Latavius Murray has been rated one of the best pass blocking running backs in the league. If you have an excellent offensive line, there is less value in having a good pass blocking running back. Such was the case with the Raiders- but not with the Vikings- even after the acquisitions of Reiff and Remmers. Having Murray in the backfield to help out an offensive lineman with a missed block or assignment, or to pick up a blitz, will provide great value to a Vikings offense that may not be a stout as we’d like it to be, thereby reducing the number of hits and pressures on Bradford, while also allowing him more time to make a play downfield.

Running Out of the Shotgun Formation

In addition to being a very good pass blocker, Murray is also able to run out of the shotgun formation with much greater effectiveness than Adrian Peterson the past couple years. Last year Murray had a higher average running in shotgun than under-center. That ability to line up next to the QB in shotgun and either block or run adds an extra element defenses must account for, which helps to keep them honest. Cheating too much toward a pass enables a more effective run, while cheating too much toward a run enables receivers a better opportunity to get open behind linebackers. Having Murray in the backfield in shotgun on virtually any down-and-distance can add value on either run or pass play, given his versatility.

Pass Catching Ability

Adding to Murray’s versatility, is his pass catching ability. As pointed out, he’s not the best pass catcher out there, but he can handle the dump-off passes well and seems better able to hit the ground running after making the catch than current Vikings RBs, with the possible exception of Jerick McKinnon.

Beyond that, Murray is also given some credit as a short yardage/goal-line back, and he has the size for it. I’m not sure that is altogether deserved at this point, but I’d be willing to bet he’ll be better than McKinnon and Asiata in that regard.
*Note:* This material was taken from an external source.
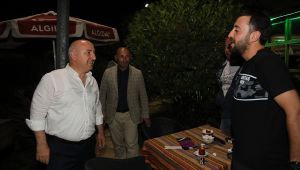 Başkan Bıyık gece gündüz sahada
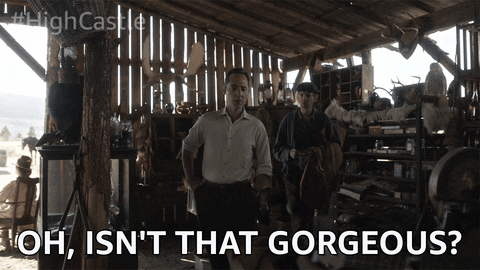 Amazon Prime Video GIF by The Man in the High Castle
Murray is something of a big, fast, jack-of-all-trades, master-of-none type back, and that versatility may be worth more than the sum of the parts. Having Murray in the backfield, in either a shotgun or under-center formation, is not an immediate give-away of the play call, as was the case with AP under-center the past few years. Murray can add value to the offense beyond his own production stats as a pass-blocker, which the Vikings need in a RB, and as a complimentary ‘banger’ to McKinnon’s ‘slasher’ running style, in what looks to be a RB-by-committee approach for the Vikings going forward.

And that is how Murray fits. He’s not a bell-cow, despite his size and speed, as he gets tired toward the end of games- leading to miscues- if given too many touches. But overall Murray, who turned 27 in January, looks to be a good fit in the new Vikings offense under Pat Shurmur, and with any luck could thrive in his role here. If not, there’s not a lot of dead money in his 3-year deal after the first year.

3/22/17 Addition:

StarTribune’s Michael Rand (Randball) wrote a piece today on Murray suggesting he’s an upgrade over Adrian Peterson in several ways.